Reputation: 4926
I have a dataframe
with columns A, B and C.
I want to apply a function on each row of a dataframe
in which a function will check the value of row$A
and row$B
and will update row$C
based on those values.
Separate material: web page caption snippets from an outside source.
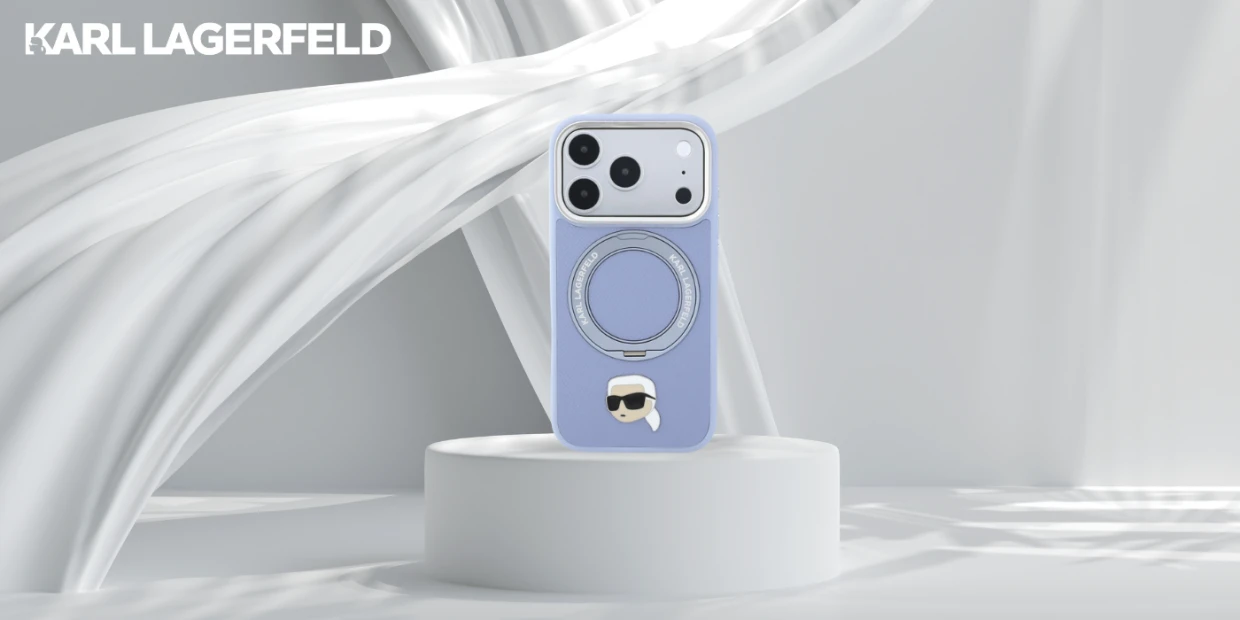Husa Karl Lagerfeld Ring Stand 360 Karl Head Pin cu MagSafe compatibila cu iPhone 18 Pro / 17 Pro, Albastru 1 Lerato.ro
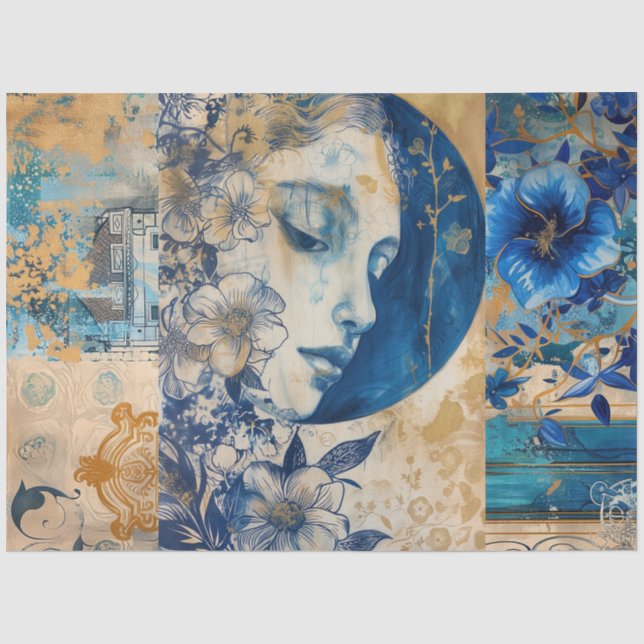 Indigo Blue Abstract Art Collage Decoupage Tissue Paper (Front)
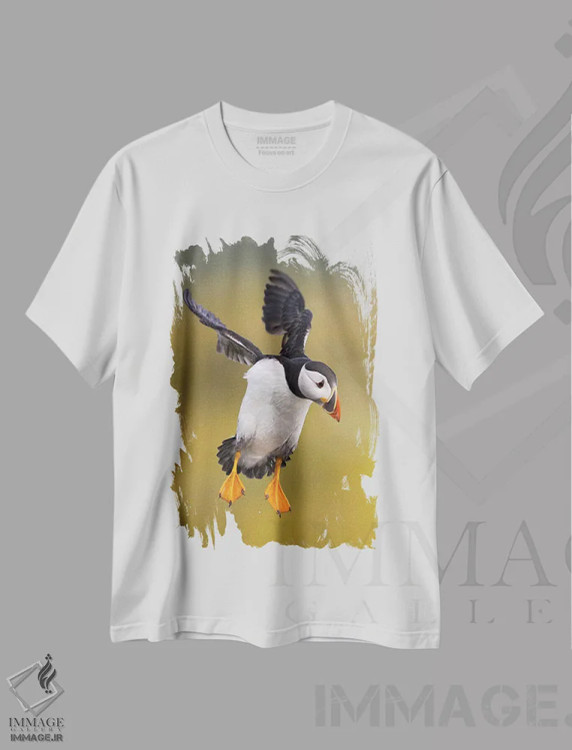 تیشرت سفید طرح دار – تیشرت طبیعت ,پافین بریتانیا اثر میگل لاسا immage.ir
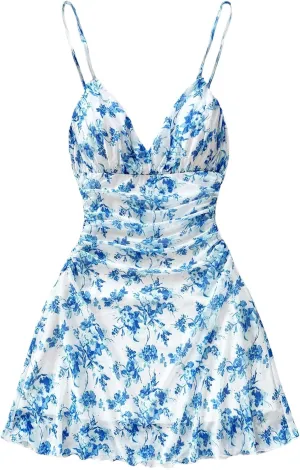 Milumia Women's Boho Floral Ruched V Neck Cami Mini Dress Lettuce Trim Spaghetti Strap Short Dress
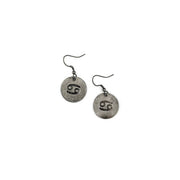 Cancer Zodiac Pewter Glyph Earrings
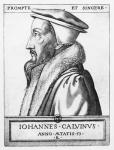 Portrait of John Calvin (1509-64) aged 53, 1564 (engraving) (b/w photo)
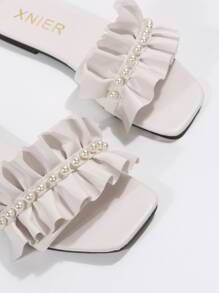 女士平底凉鞋法式时尚圆头一脚蹬拖鞋，2024 年新款夏季海滩度假休闲拖鞋情人节 - 白色 - 查看 6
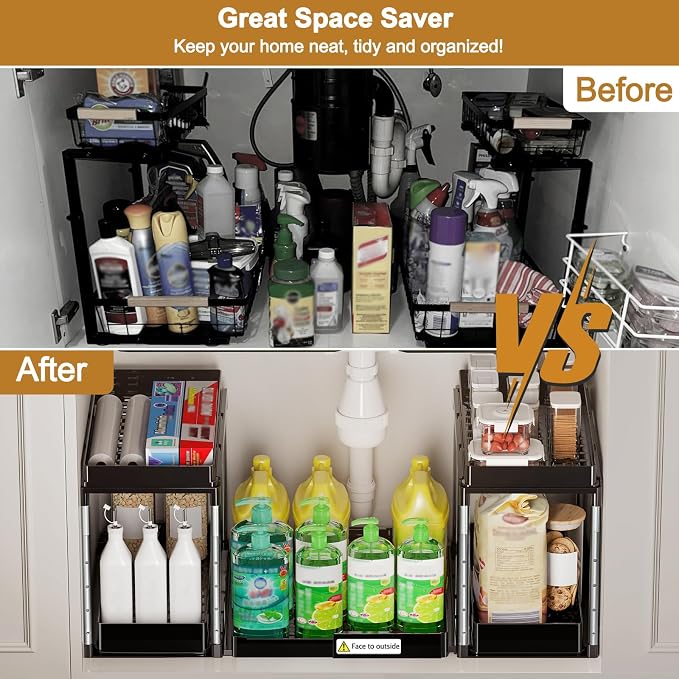 NIUXX Expandable Under Sink Organizer: 2 Tier Height Adjustable Under Cabinet Organizer - Double Pull Out Shelf Under Sink Storage for Kitchen - Bathroom and Laundry Room - Space Saving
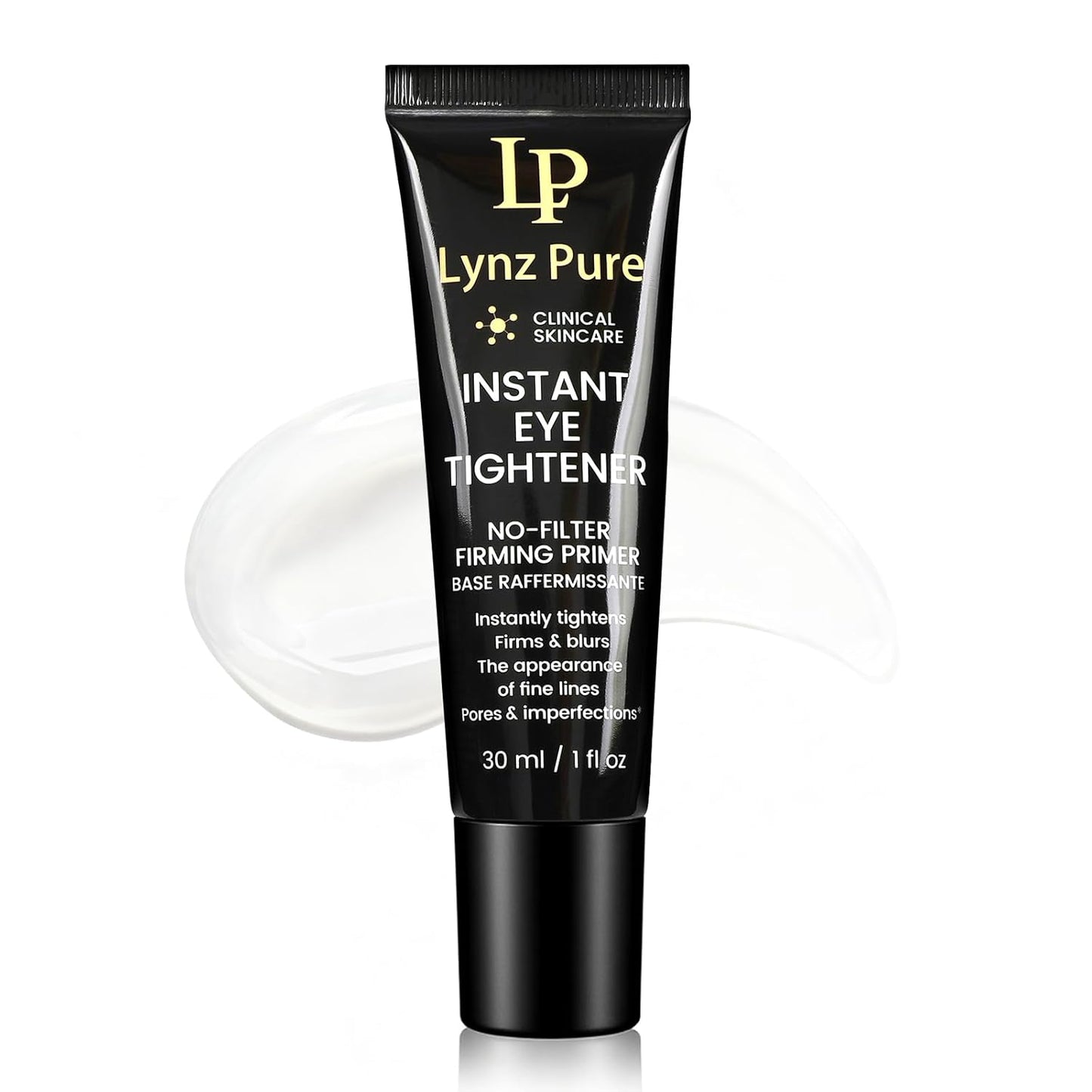Lynz Pure Instant Eye Tightener, Temporary Firming Eye Cream & Makeup Primer, Smoothes Fine Lines & Minimizes Pores, No Filter Eye Primer 30ml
How can I achieve that?
Example:
A B C
1 1 10 10
2 2 20 20
3 NA 30 30
4 NA 40 40
5 5 50 50
Now I want to update all rows in C column to B/2 value in that same row if value in A column for that row is NA
.
So the dataframe
after changes would look like:
A B C
1 1 10 10
2 2 20 20
3 NA 30 15
4 NA 40 20
5 5 50 50
I would like to know if this can be done without using a for
loop.
Upvotes: 0
Views: 59
Reputation: 24535
Try:
> ddf$C = with(ddf, ifelse(is.na(A), B/2, C))
>
> ddf
A B C
1 1 10 10
2 2 20 20
3 NA 30 15
4 NA 40 20
5 5 50 50
Upvotes: 0
Reputation: 81683
Another approach:
dat <- transform(dat, C = B / 2 * (i <- is.na(A)) + C * !i)
# A B C
# 1 1 10 10
# 2 2 20 20
# 3 NA 30 15
# 4 NA 40 20
# 5 5 50 50
Upvotes: 0
Reputation: 92282
Or if you want to update the column by reference (without copying the whole data set when updating the column) could also try data.table
library(data.table)
setDT(dat)[is.na(A), C := B/2]
dat
# A B C
# 1: 1 10 10
# 2: 2 20 20
# 3: NA 30 15
# 4: NA 40 20
# 5: 5 50 50
Edit: Regarding @aruns comment, checking the address before and after the change implies it was updated by reference still.
library(pryr)
address(dat$C)
## [1] "0x2f85a4f0"
setDT(dat)[is.na(A), C := B/2]
address(dat$C)
## [1] "0x2f85a4f0"
Upvotes: 2
Reputation: 506
here is simple example using library(dplyr)
.
Fictional dataset:
df <- data.frame(a=c(1, NA, NA, 2), b=c(10, 20, 50, 50))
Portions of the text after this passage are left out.